Nowadays, your Twitter feed is likely consumed with an endless barrage of politic rants, sports highlights, and cat GIFS. But beneath all the headlines and commentary is useful data that is becoming more and more important to public health research.

Case in point: The growing e-cigarette trend.

To better understand why people start using e-cigarettes in the first place, as well as why they continue vaping, San Diego State University researcher and public health expert John W. Ayers mined and analyzed Twitter data from over 3 million public tweets in 2012 and in 2015. (With Twitter data in particular, Ayers argues, researchers can "listen in to what people are naturally saying about e-cigarettes to their friends rather than a surveyor.")

His finding: People's reasons for vaping have changed noticeably and somewhat surprisingly, according to the work published Thursday in the journal Plos One.

In 2012, 43% of tweets indicated that people started vaping because they wanted to quit "combustibles" (a.k.a. cigarettes and other "analog" smoking tobacco products), the research indicated. In second place came "social image" (21%), followed by the convenience of vaping indoors (14%), available flavors (14%), percieved safety (9%), lower cost (3%), and better smell (2%).
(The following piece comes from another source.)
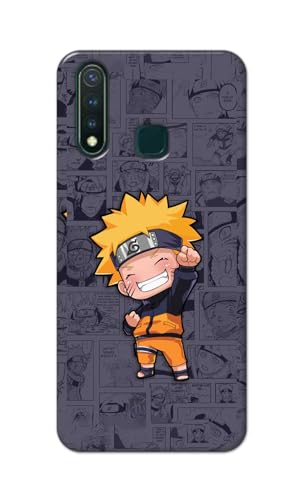 Image of PRINTFIDAA Plastic Printed Hard Back Cover Case For Vivo Y19 | Vivo U3 Back Cover (Famous Anime Cartoon Character) -112, Multi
In 2015, however, our tweeting vapers seemed to change their minds. While mentions of "quitting combustibles" significantly declined, tweets pertaining to "social image" dramatically rose to 37%, making it the most common reason people said they'd started vaping.

To summarize: "The reasons people vape shifted away from cessation and toward social image during the time that e-cigarettes evolved from a cessation device to a freestanding tobacco product attracting smokers and nonsmokers alike," said Jon-Patrick Allem, one of the study's co-authors and a fellow at the University of Southern California's Tobacco Center of Regulatory Science.

But if there's one thing to take away from this study, it's that some of the reasons users cited—like lower cost and cessation—can in fact be misleading. For example, "vaping may be no less expensive than smoking combustibles," said Eric Leas, another co-author and graduate student at UCSD. And if quitting "combustible" cigarettes is your ultimate goal, it's important to know that one study found that using e-cigarettes may actually decrease your chances of quitting.